[What this task involves]
Using the records below, transcribe word for word the stretch from the line that contains "Veste bomber satinée et froncée" through the line that contains "vidaXL Schreibtisch Wei&szlig;", both end lines included, and nothing else.

[Data]
-- Opening Marker --

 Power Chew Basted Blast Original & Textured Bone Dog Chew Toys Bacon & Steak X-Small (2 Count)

-- Closing Marker --
-- Opening Marker --

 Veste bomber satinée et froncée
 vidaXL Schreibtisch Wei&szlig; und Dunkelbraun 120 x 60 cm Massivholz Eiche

-- Closing Marker --
-- Opening Marker --

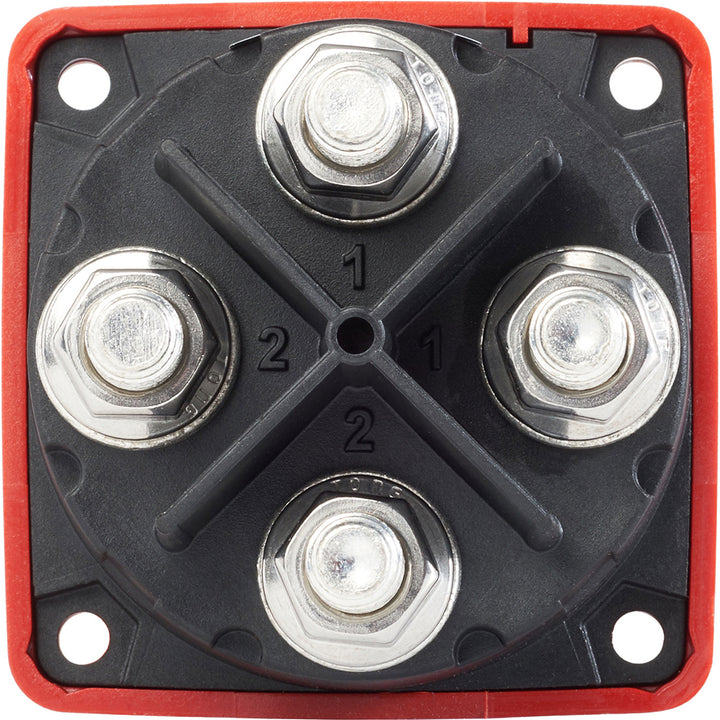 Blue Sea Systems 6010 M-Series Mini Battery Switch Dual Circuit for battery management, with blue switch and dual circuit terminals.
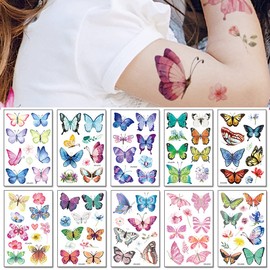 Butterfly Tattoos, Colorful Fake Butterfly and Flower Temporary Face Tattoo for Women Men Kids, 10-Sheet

-- Closing Marker --

[Worked solution]
 Veste bomber satinée et froncée
 vidaXL Schreibtisch Wei&szlig; und Dunkelbraun 120 x 60 cm Massivholz Eiche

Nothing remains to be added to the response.